Description of the task: The exact lines of the listing, from its first through the line that contains "I will look", are to make up the answer, and pictures are to be left out.

-- Opening Marker --

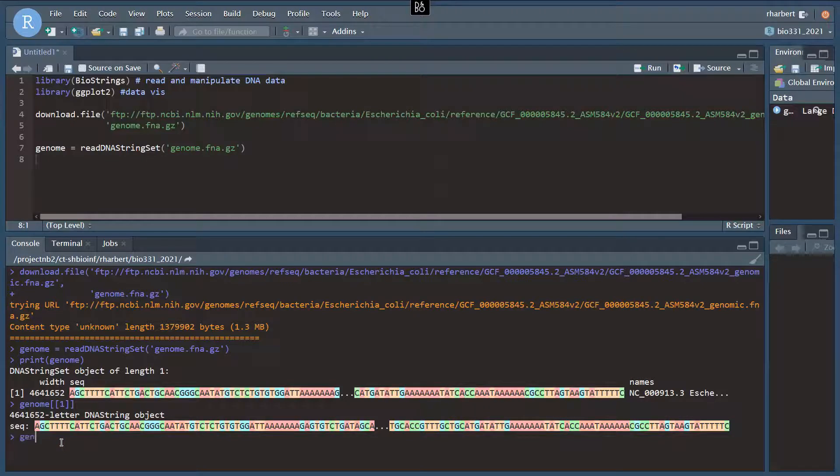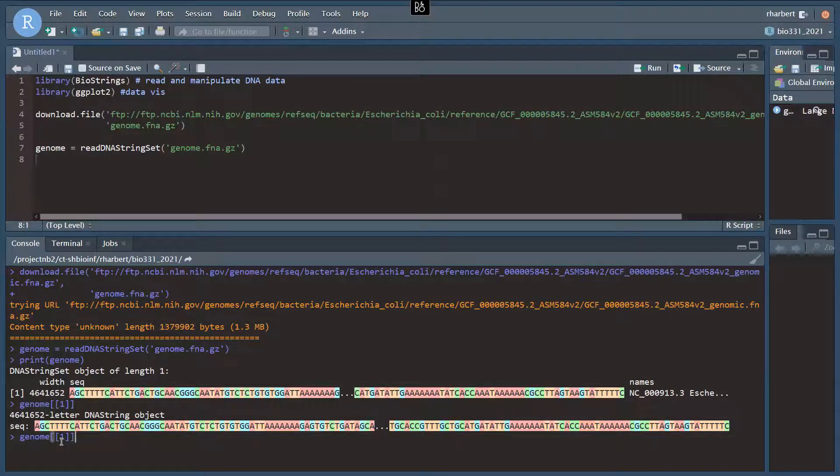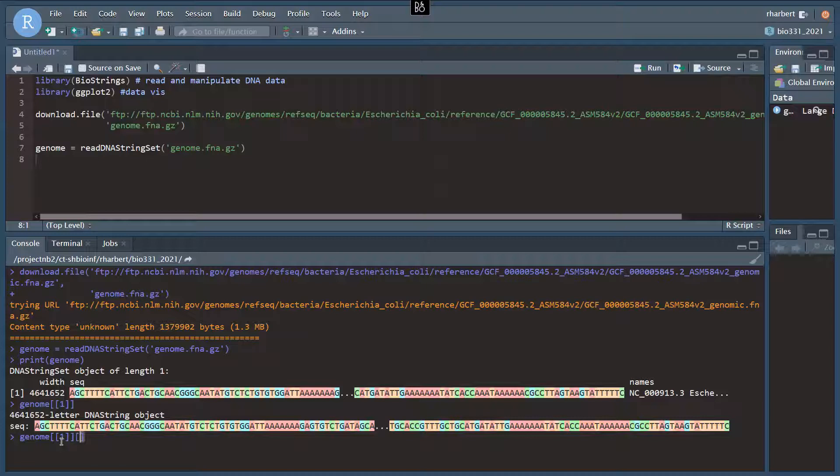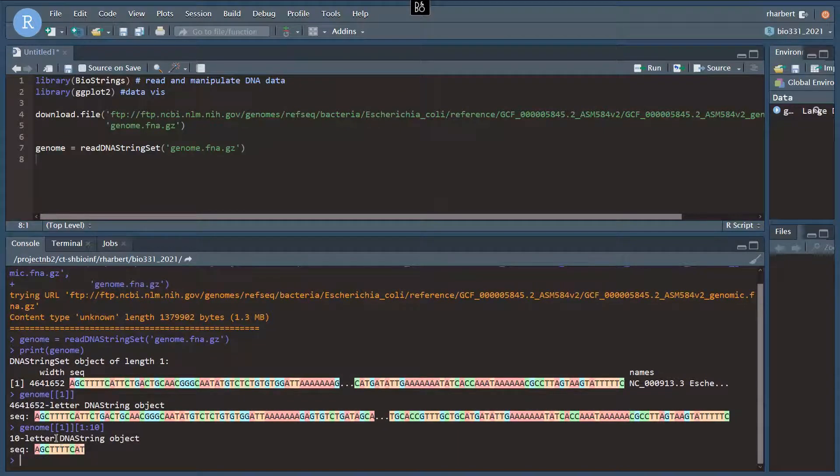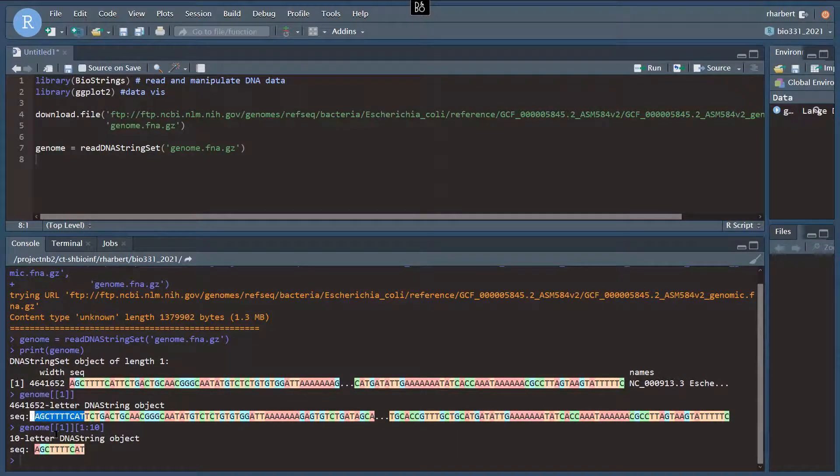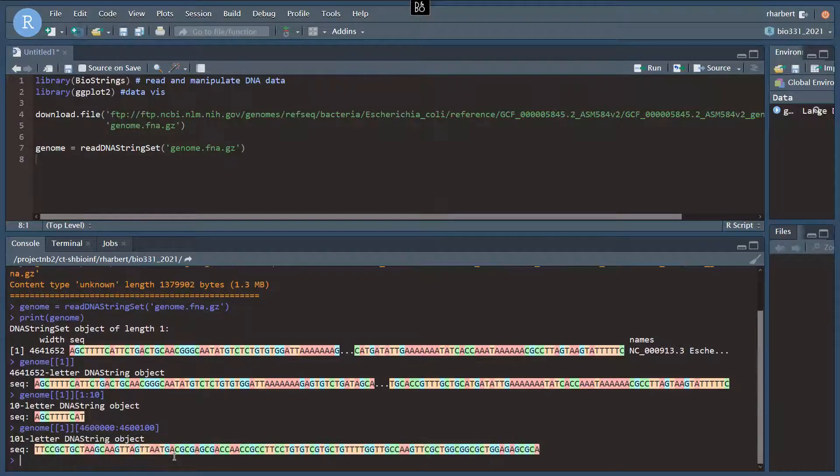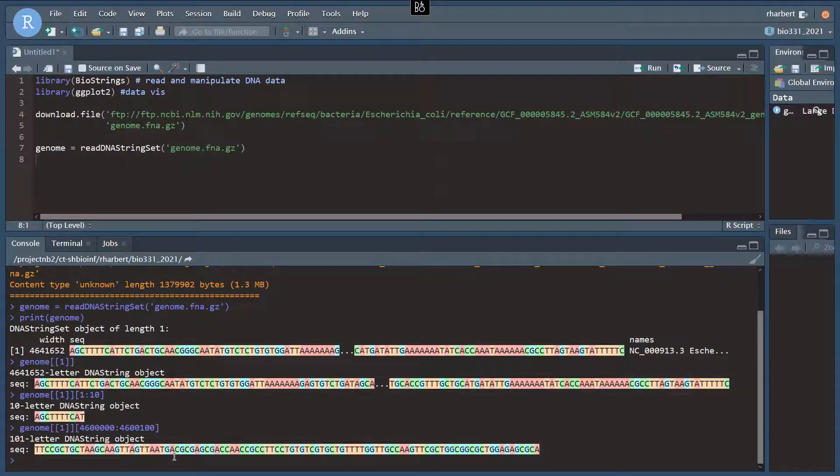All right. So just to get us started, let's just try a couple of subsetting methods here. So we do genome 1, and it's going to work just like a regular vector. So we could do the bracket notation for a vector, and we could do something like 1 colon 10 to do elements 1 through 10. And that's going to print just those first 10 nucleotides from here. Let's do another one. It doesn't matter where along the sequence we do. So we could do 4,600,000 to 4,600,000 and 100. And that's going to print 100 nucleotides, 4,600,000 nucleotides in.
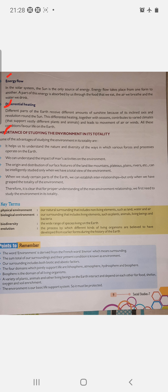Some key terms: Physical environment — our natural surroundings that include non-living elements such as land, water, and air. Biological environment — living organisms like plants, animals, living beings, bacteria, and microbes. Biodiversity — the wide range of species living on the earth.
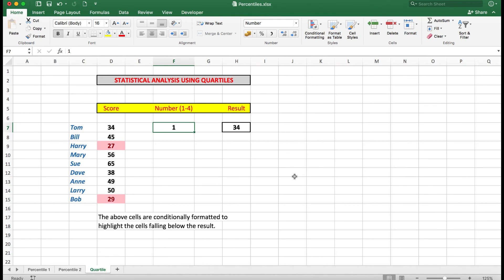I now type a 2, which will show me those cells which fall below 45%. And there I see that there are four of them. So again I've been able to use the statistical analysis method to look at cells which fall within a certain range above or below the number that I type here.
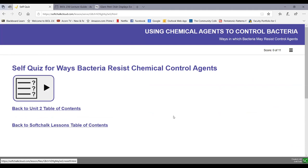That's our look at how bacteria become resistant to control agents such as antibiotics, and some of the problems that occur because of the misuse of antibiotics. Here's a self-quiz covering the whole soft chalk lesson, and that ends Unit 2.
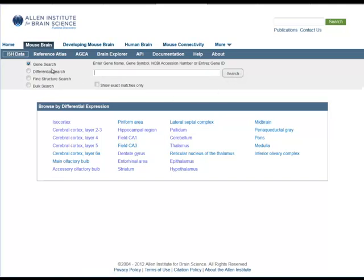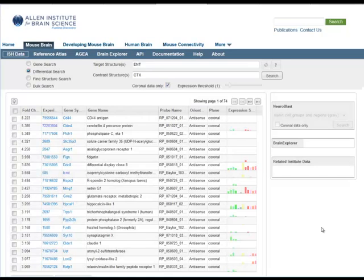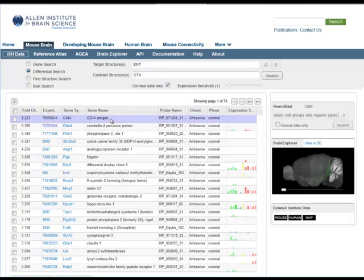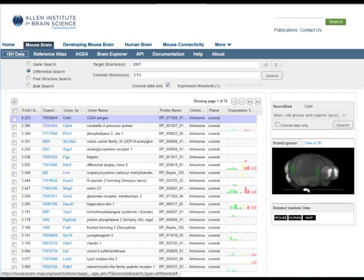I will look for enhanced gene expression in the entorhinal areas by clicking on that structure in this list. What gets returned are a list of experiments that fit your selection criteria. Since only the coronal data set includes data from across the entire brain, choose coronal data by checking this box.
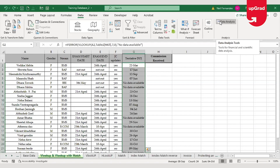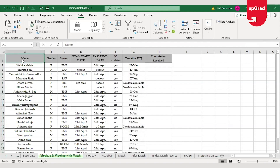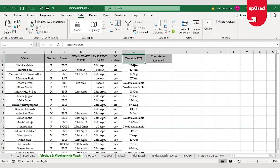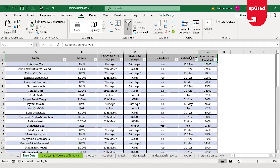Let's begin and see how XLOOKUP replaces the other important functions. Looking at my example sheet, I have names of students who have been placed in companies through placements, and I need the tentative date of joining and the commission receipt in these two cells. I don't have that data here — I need to pick it from the base database. In the previous video I did a simple VLOOKUP using the student's name, with a table array from the base data and column index number 7 for the tentative date of joining.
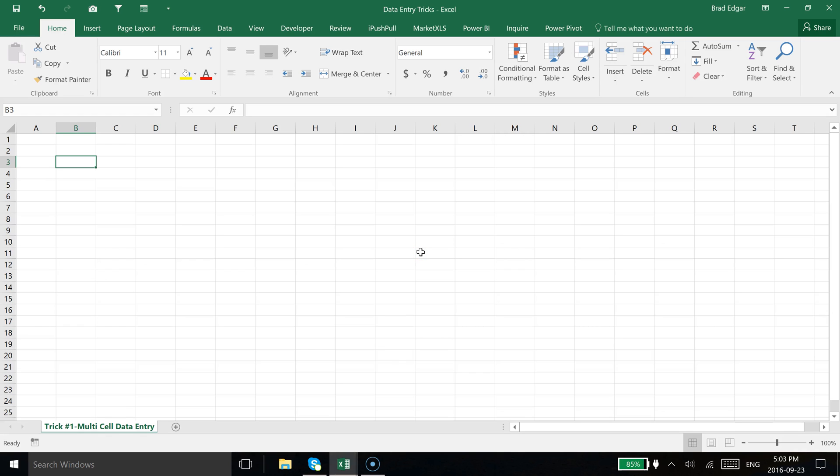Hey guys, this week I'm going to show you some data entry tricks in Excel. Today I'm showing you how to enter information into one cell but add it to multiple other cells at the same time - multi-cell data entry.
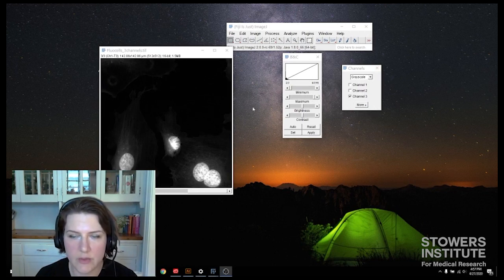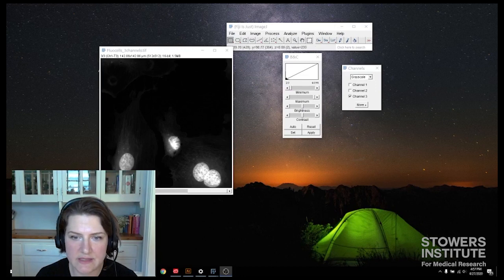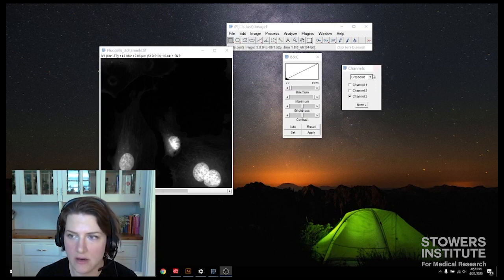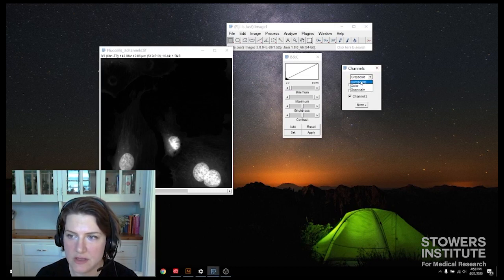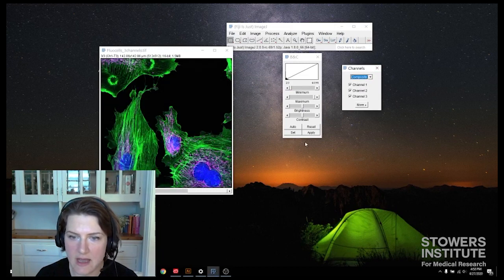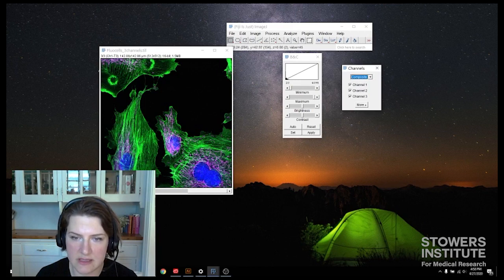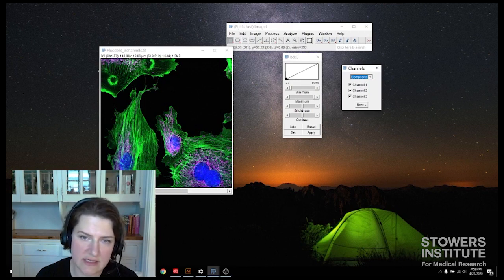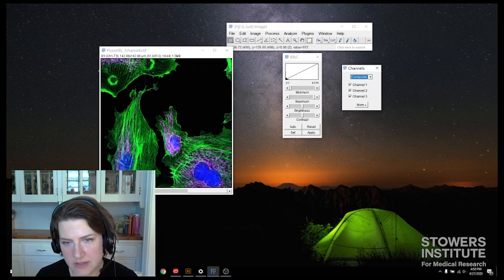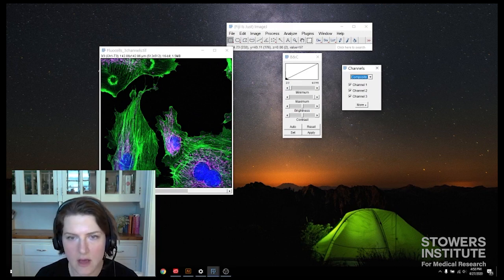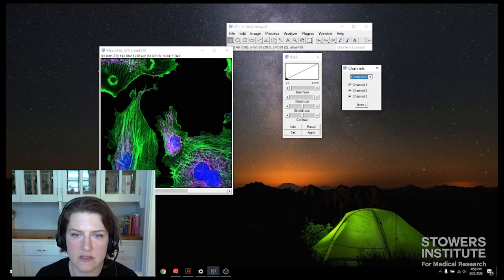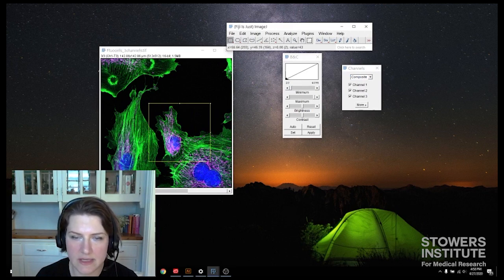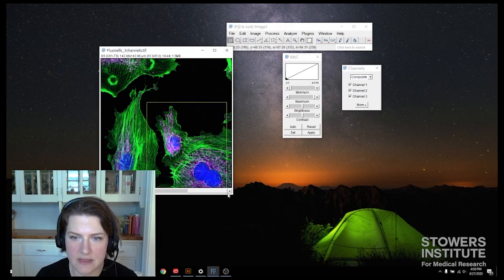Now what we want to do is figure out what area we're going to crop out that's going to be in our figure. So say I'm really interested in this interface between these cells. So I want to focus on this area. And for aesthetic reasons in my figure, I want my images to be square. So to do that, what I'll do is I'll just draw using my rectangular selection tool. I'll draw basically where I want it to be.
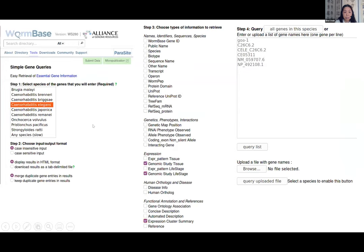Simple Mine is a handy tool for researchers to get essential gene information for a list of genes. It covers nine nematode species and can output HTML display or a tab-delimited file. Simple Mine is great for converting gene identifiers and names across databases, and for getting genetics, phenotype, and interaction information. Under the expression widget you'll see 'Genomic Study Tissue' and 'Genomic Study Life Stage' — anatomy and developmental life stage data derived from high throughput data. Under Functional Annotation, choose 'Expression Cluster Summary.'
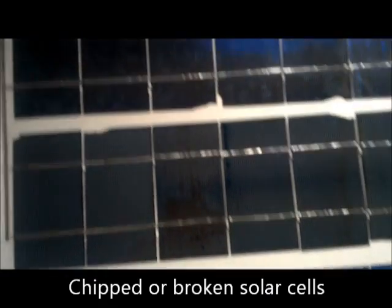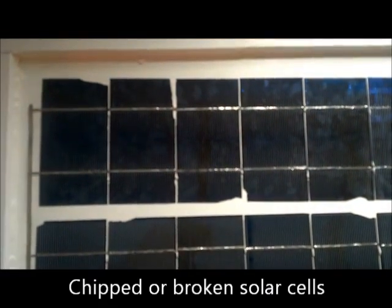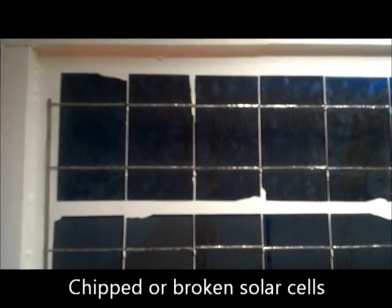You can see I've used B grade solar cells. See all the chips in the corners missing.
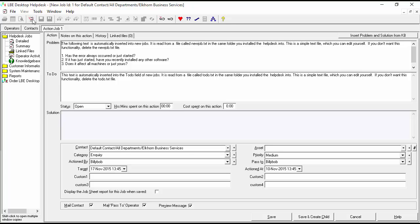Let's go ahead and enter the following information. Our ticket comes from our customer Gene Lopez, so if we go down to our contact field and select Gene Lopez — now we have Gene's information. The subject is that he needs help with a printer, so let's go ahead and put that information into our ticket.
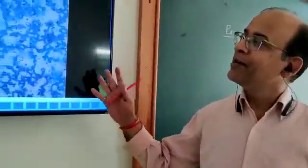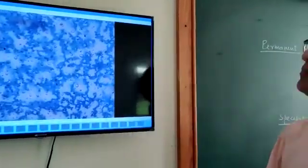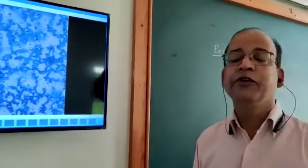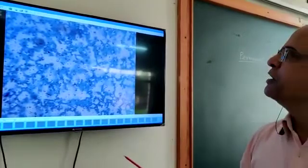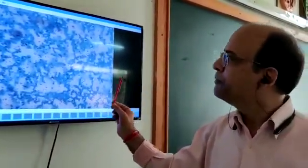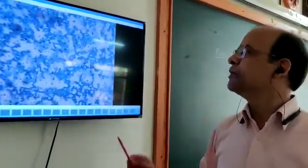I am showing you the permanent slide of a blood film of an infected person suffering from malaria. Malaria is caused by Plasmodium vivax. Here you can see different types of blood cells — all these round cells are RBCs. You can see some abnormal swelling in the RBCs, and here you can see the infectious agents which are Plasmodium vivax. They enter the RBC and multiply themselves, causing malaria.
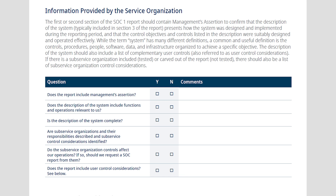The general IT controls typically seen in a SOC audit include logical security — user access is a big one — and network security, such as firewall, antivirus, and intrusion protection. These are typical controls we like to ensure are part of the SOC exam. It's important to ensure the integrity of data coming in and going out, that the data is secure, and that the environment you rely on will be available and won't have significant issues.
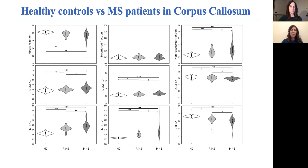DBSI-derived metrics within the corpus callosum normal-appearing white matter showed significant differences between healthy controls and relapsing multiple sclerosis, except for restricted fraction, suggesting that either the normal-appearing white matter cellularity is not increased or is below the threshold of detectability of our method. As expected, significant differences were identified between progressive patients and healthy controls for all metrics except restricted fraction. When comparing the two groups of MS patients, significant differences were observed for all metrics except fibers and restricted fraction, with DBSI radial diffusivity and DBSI-FA being the most different, suggesting more severe demyelination and white matter injury in progressive patients.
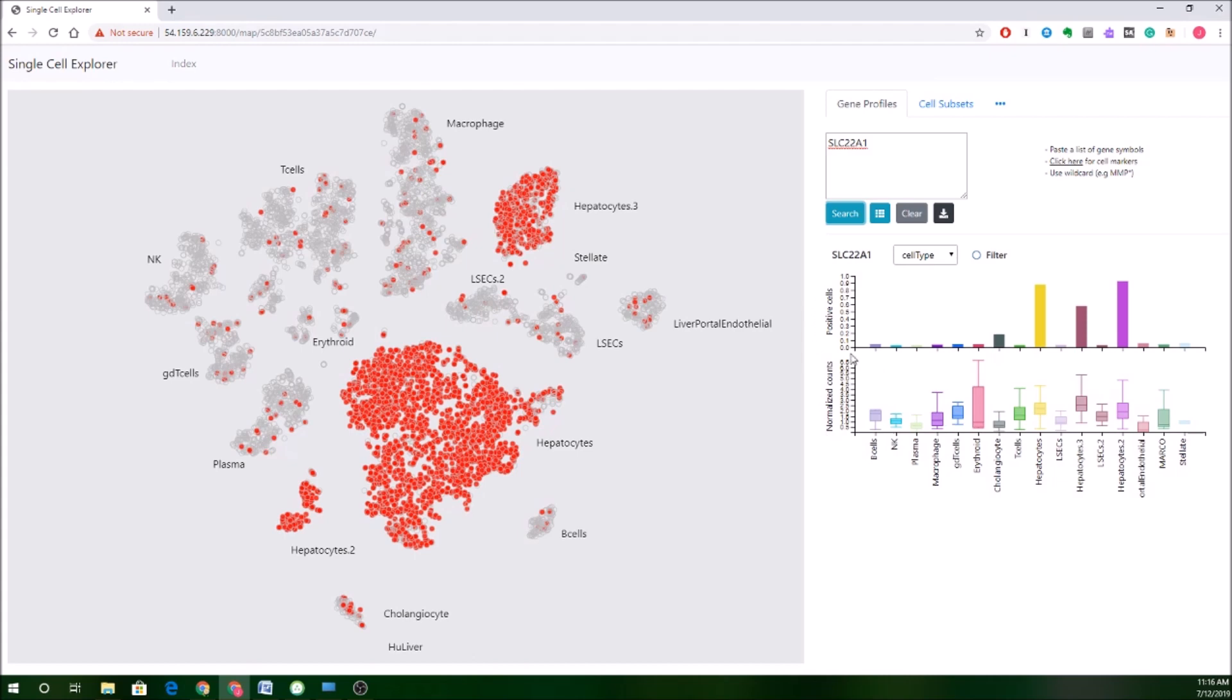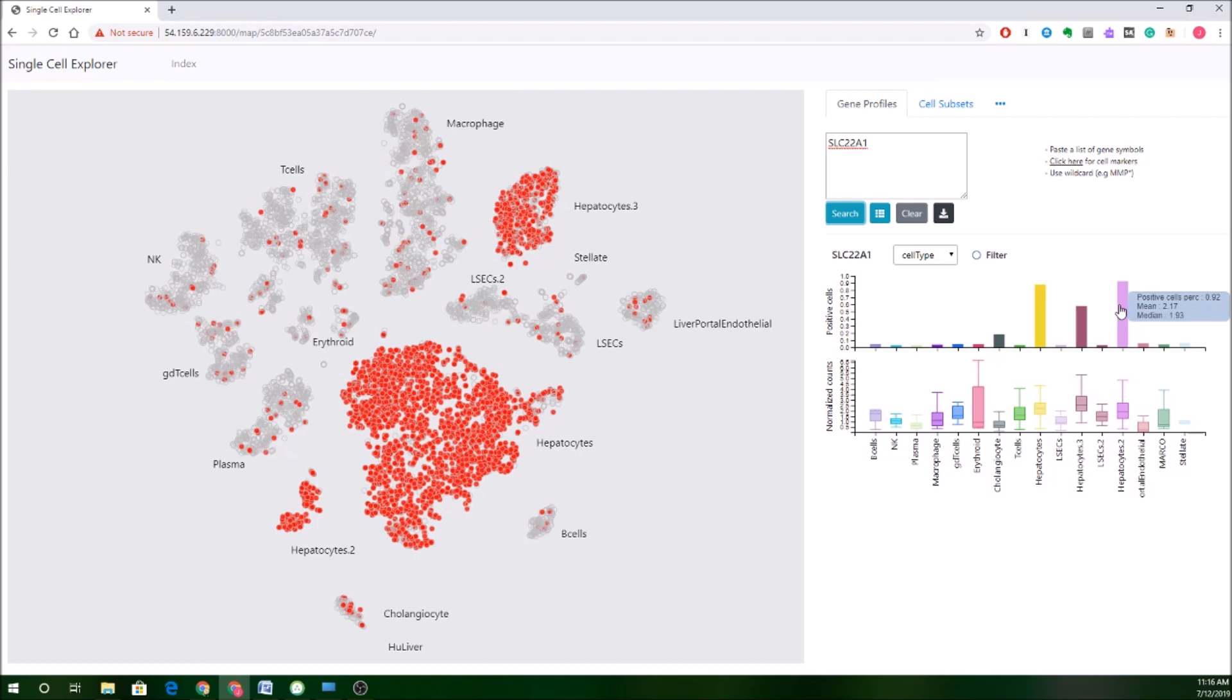You'll also note that to the right, you're getting some information in graph format about the overall expression of this marker. So you'll get the positive cells here. This is a percent by the different clusters. So you can see, again, good representation in the hepatocytes. And then you also get a measure of normalized counts. So this first one will show you how many cells in the cluster express it as a proportion. The second is showing you a little bit more about how much expression there is in the cells that express it.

-- Closing Marker --

Reply to the exercise:
All right. So just to get us started, let's just try a couple of subsetting methods here. So we do genome 1, and it's going to work just like a regular vector. So we could do the bracket notation for a vector, and we could do something like 1 colon 10 to do elements 1 through 10. And that's going to print just those first 10 nucleotides from here. Let's do another one. It doesn't matter where along the sequence we do. So we could do 4,600,000 to 4,600,000 and 100. And that's going to print 100 nucleotides, 4,600,000 nucleotides in.
Some key terms: Physical environment — our natural surroundings that include non-living elements such as land, water, and air. Biological environment — living organisms like plants, animals, living beings, bacteria, and microbes. Biodiversity — the wide range of species living on the earth.
I now type a 2, which will show me those cells which fall below 45%. And there I see that there are four of them. So again I've been able to use the statistical analysis method to look at cells which fall within a certain range above or below the number that I type here.
That's our look at how bacteria become resistant to control agents such as antibiotics, and some of the problems that occur because of the misuse of antibiotics. Here's a self-quiz covering the whole soft chalk lesson, and that ends Unit 2.
I will look for enhanced gene expression in the entorhinal areas by clicking on that structure in this list. What gets returned are a list of experiments that fit your selection criteria. Since only the coronal data set includes data from across the entire brain, choose coronal data by checking this box.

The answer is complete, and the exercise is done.